This Bruce Nelson photo is one of my favourites. It’s March 1970 on the Branford Steam Rail Road. That track, their internal fleet of twin hoppers; this railroad has held my imagination since first discovering this railroad in an article in Railfan & Railroad magazine. It’s this I have in mind when I’m putting my two On30 hoppers on my little piece of track.
“I can do this” feels so good compared to the same intentioned but sometimes easily overwhelming “I should model this”. An unhealthy part of my experience is the space between those two simple phrases. The power of emotional attraction to a moment harnessed to our hobby’s one great and unique superpower is the ability to go there and live precisely in it.

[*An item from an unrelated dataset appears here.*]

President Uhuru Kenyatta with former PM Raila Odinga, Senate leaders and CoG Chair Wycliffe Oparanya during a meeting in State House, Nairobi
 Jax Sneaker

“I started as a model railroader.”
The Carrabasset & Dead River was probably the first railway I feel in love with. When I first saw it and first read its story it was the way Frary and Hayden composed their scenes, the way they built up the colour palettes of their scenes, and I still believe this, no one weathered like Frary and Hayden to communicate that look of machinery of work, at work. A C&DR engine or train was worn but worn like any preferred tool of work from our collection. Worn like work. Worn by hands.
For years the C&DR was my single source for narrow gauge railroading. As my exposure increased it would be joined by the passionate writing of Moody and his Maine Two Footers. I discovered a love of the Prince Edward Island Railway but even this is informed by “first love”. When our interests are forged in passion and emotional aesthetics those become the important dimensions describing the real world and their completeness makes trivia all the silliness of build dates, track gauges, or “how the prototype did it”. An importance born in why something feels right and feels important over one inherited from pragmatic evidence alone. Laying in a hammock on a chilly Saturday afternoon in Cape Breton I thought about my favourite references in our hobby and how they are almost always “proto freelancers”; those modellers who model the real places but in their own voice using the medium of model trains to tell the story of their experience, modulating the way they present their model railroad increment by increment and through part or whole iterations as they refine their relationship with the story they need to tell those they share it with. Among the things made clear from my blanket cocoon inside in a cozy hammock by the ocean, in Cape Breton, a couple weeks ago was that sense that I had found clarity and moved on.
At home I’m spiking down probably my most stripped down layout project. Same space as Coy and its relations but even more simple. I apologize because I have no want to project a message of exclusive ambiguity like some crazed provocative artist but a calm that washes over you when you realise your work is to tell your story in your words. No one knows your prototype like you do so starting from language that is an inventory of the physical plant of the railroad might just be a distraction overpowering your voice. No one was there with you. Even if you visited together with your best friend the uniqueness of that journey is yours alone: you were with them, they were there with you; you both saw it and the decision to see it was enriched by being tempered by the influence of your friend yet coloured by why you decided to be present that time so same but different. Once you’ve let go of those points it clears your vision as powerfully as cleaning your workspace to prepare it for your next session.
Practice your craft and in that practice your voice so you can breathe your voice into your work to animate it with why and welcome. Ted Chiang’s beautiful quote above changed me. Of course that to speak we are modulating breath and without breath we are without life…giving and receiving life. We don’t need one universal way to do anything and waste our energy insisting on one rule for all. It’s just that it’s not so far-fetched to move toward practicing this in a way closer to our claim. Because this hobby could be art we can reference outside the hobby. Songs and stories; poetry, painting, and sculpture. All detail the sound of someone’s relationship with an event.
At seven PM, a main hatchway caved in, he said “Fellas, it’s been good to know ya”.
The captain wired in he had water comin’ in and the good ship and crew was in peril.
You don’t need to know anything about the Edmund Fitzgerald beyond the story Gordon Lightfoot told. Colour of the hull? How many portholes were there on the cabin? How was it fueled? There is no one way to be a model railroader and never has or ever will be a right way. There is only your way. Use this hobby to say what you need to say in your own words.